Thursday 11 December 2014

Oil, racing to the bottom of a well

"The low oil price is also putting pressure on the cartel of OPEC. I have seen reports that many of the countries are selling more oil than their quota, I see that Kuwait are offering a discount on their oil and add to that conflicting views on whether they should cut their production or not. Cutting production will boost the price of oil but then makes the more marginal shale oil operations profitable again, which means that OPEC will just lose market share and not boost their revenue by much, if at all."




To market, to market to buy a fat pig. OUCH! The S&P was down 1.5% to a 5 week low yesterday. The reason given for all the red (blood of the bulls) is the drop in the oil price, which is now sitting at 5 year lows at around the $63 level. OPEC have said that the demand for their oil is forecast to be the lowest since 2003 and the US said that they had an unexpected increase in the supply of oil. On the open this morning Sasol in now solidly below the R400 mark, which is a very far way from the R640 level they were trading at in September (down 36% in the last 3 months!). The saving grace so to speak for Sasol is the weak Rand which is around R11.55 as I write this. The more that the US economy grows and goes from strength to strength, the sooner a rate hike is expected which translates into more money flowing into the US. The result is a stronger dollar and a weaker Rand.

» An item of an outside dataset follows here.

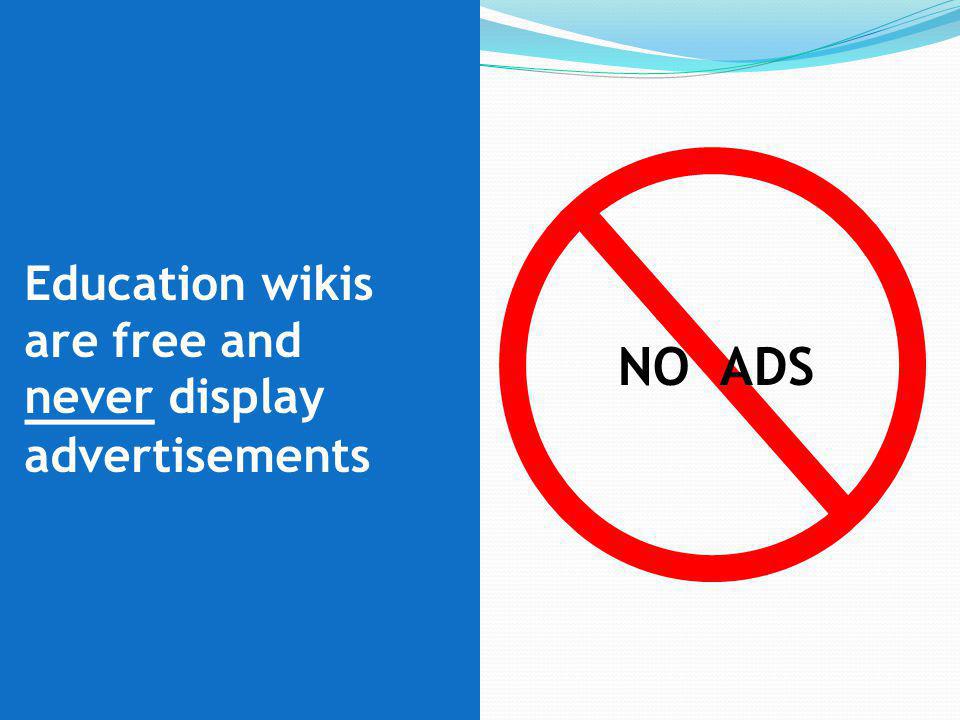 Education wikis are free and never display advertisements NO ADS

The low oil price is also putting pressure on the cartel of OPEC. I have seen reports that many of the countries are selling more oil than their quota, I see that Kuwait are offering a discount on their oil and add to that conflicting views on whether they should cut their production or not. Cutting production will boost the price of oil but then makes the more marginal shale oil operations profitable again, which means that OPEC will just lose market share and not boost their revenue by much, if at all. There may now be an energy OPEC meeting in the new year. The cartel pushed oil prices to levels higher than they should have been and the response was to attract new participants into the market, I would say that this is capitalism at work. It may take a while for things to right themselves but they do in the long run. What did Keynes say? "In the long run we are all dead". Considering that life expectancy is now around 20 years longer than the start of the 20th century, the words "long run" mean more.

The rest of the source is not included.